• _Collected data_:
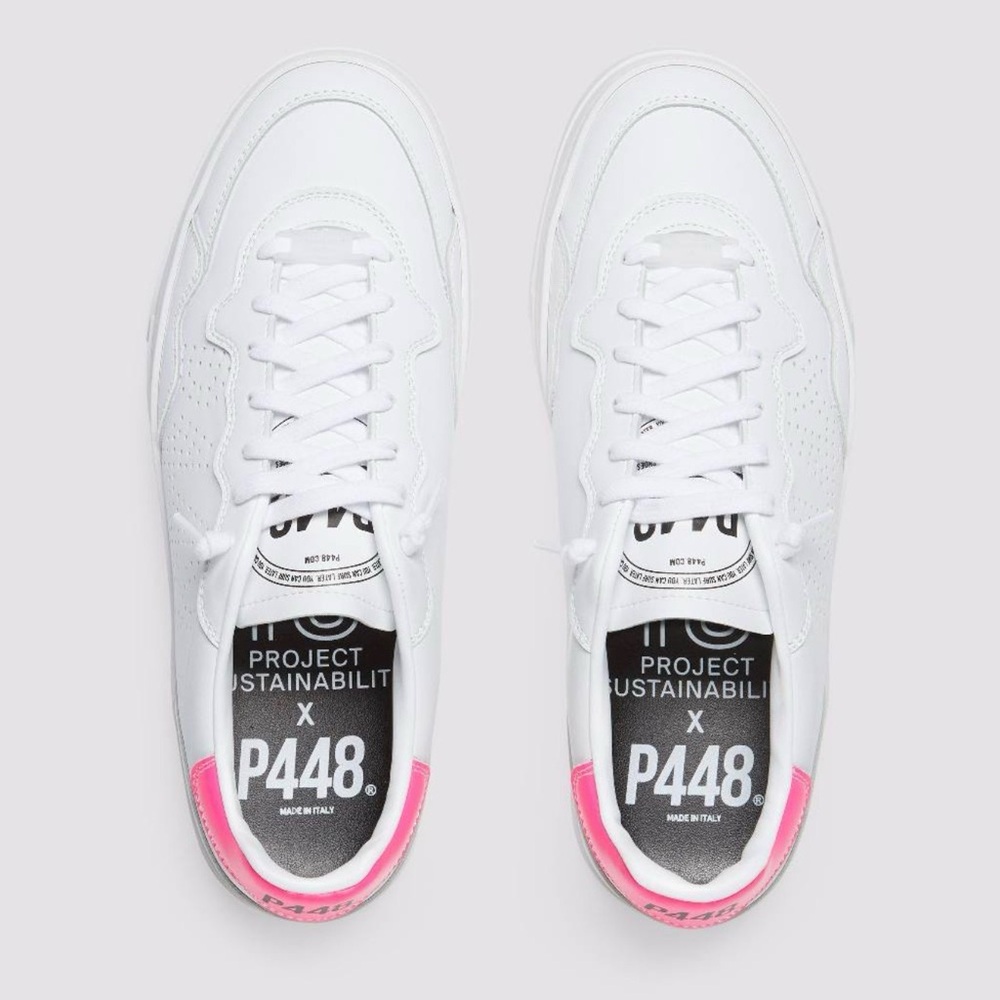 P448 White and Neon Pink Sneakers BNWT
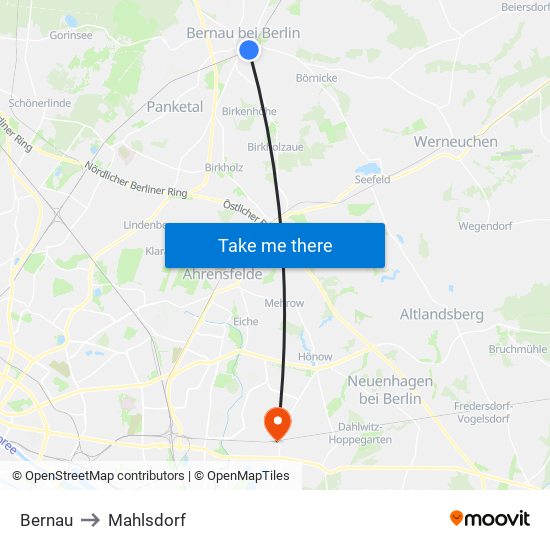 Bernau to Mahlsdorf map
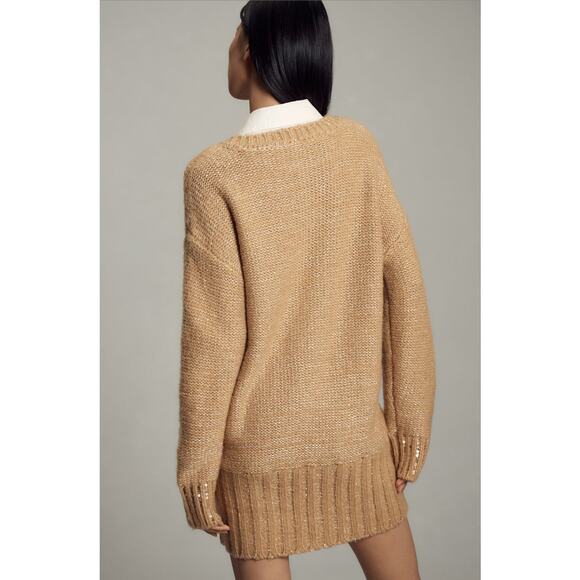 Anthropologie Maeve Layered Sparkle Wool Blend Sweater Mini Dress Size Medium - Picture 2 of 11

• _Aim of the task_: Output the data exactly, pictures omitted.

• _Your solution_:
 P448 White and Neon Pink Sneakers BNWT
 Bernau to Mahlsdorf map
 Anthropologie Maeve Layered Sparkle Wool Blend Sweater Mini Dress Size Medium - Picture 2 of 11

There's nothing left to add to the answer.